Items from a dataset:
□ □ □ □ □

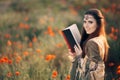 Medieval Reading a Book in a Magical Field of Poppies Royalty Free Stock Photo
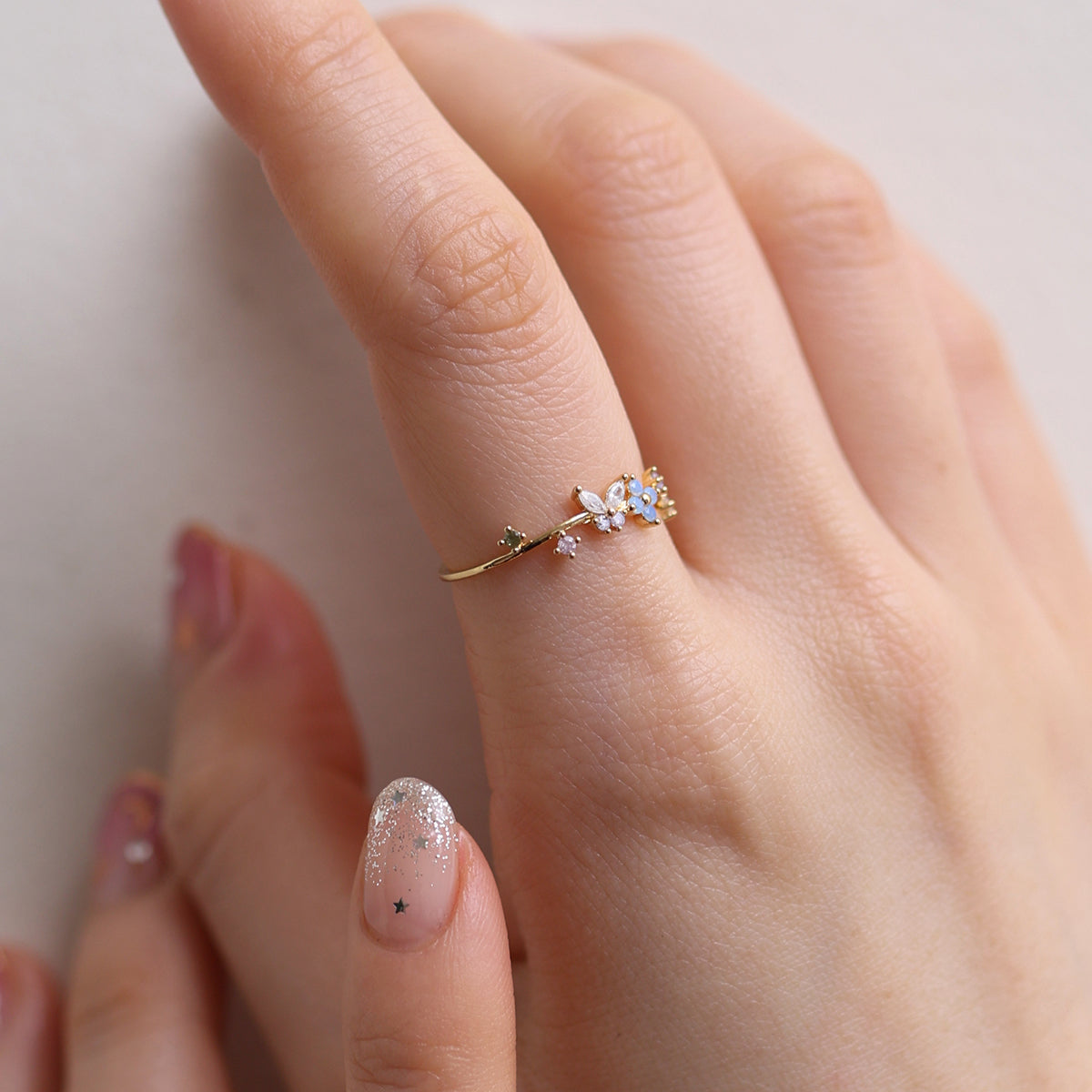 Butterfly Moonstone Flower Cubic Ring with a unique twist design and adjustable fit, combining layered elegance and modern style for any occasion.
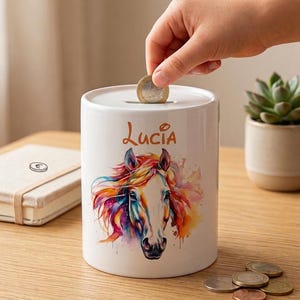 May include: A white ceramic piggy bank with a colorful watercolor horse design and the name "Lucia" in orange script. A hand is inserting a coin into the slot. Several coins are on the wooden surface.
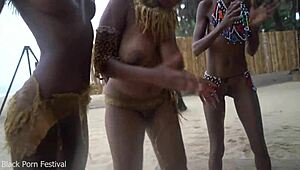 three african tribe witches perform a dancing ritual to make rain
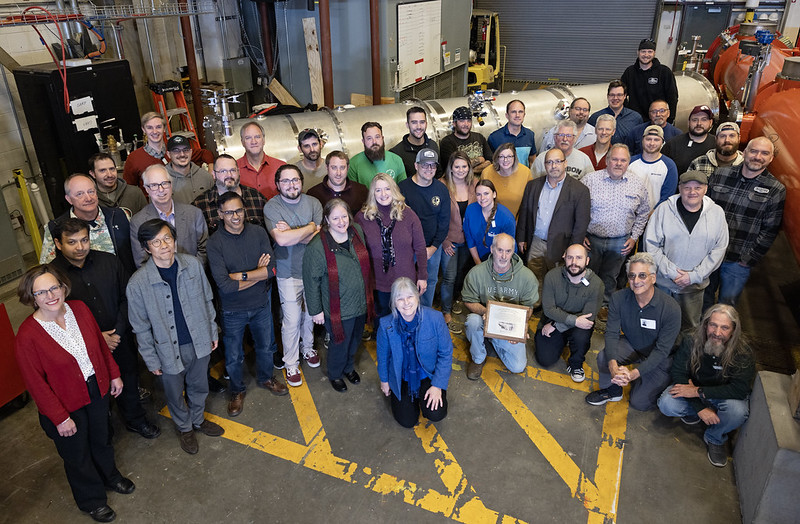 یک عکس گروهی از همکاران آزمایشگاه جفرسون بر روی ماژول سرمای SNS PPU CM-08 که به منبع نوترون Spallation در آزمایشگاه ملی Oak Ridge تحویل داده شد.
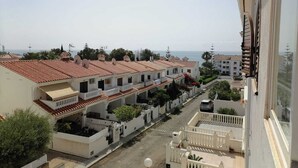 A residential area with terracotta-tiled buildings, balconies, and a view of the sea.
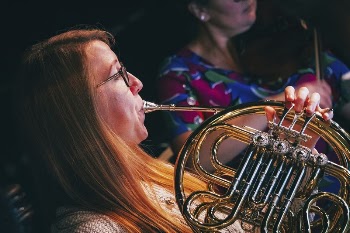 Woman playing French horn, October | Free Photo - rawpixel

□ □ □ □ □

# WORK TO COMPLETE
Without including a single picture, restate all of the data word for word.

# SOLUTION TO THE PROBLEM
 Medieval Reading a Book in a Magical Field of Poppies Royalty Free Stock Photo
 Butterfly Moonstone Flower Cubic Ring with a unique twist design and adjustable fit, combining layered elegance and modern style for any occasion.
 May include: A white ceramic piggy bank with a colorful watercolor horse design and the name "Lucia" in orange script. A hand is inserting a coin into the slot. Several coins are on the wooden surface.
 three african tribe witches perform a dancing ritual to make rain
 یک عکس گروهی از همکاران آزمایشگاه جفرسون بر روی ماژول سرمای SNS PPU CM-08 که به منبع نوترون Spallation در آزمایشگاه ملی Oak Ridge تحویل داده شد.
 A residential area with terracotta-tiled buildings, balconies, and a view of the sea.
 Woman playing French horn, October | Free Photo - rawpixel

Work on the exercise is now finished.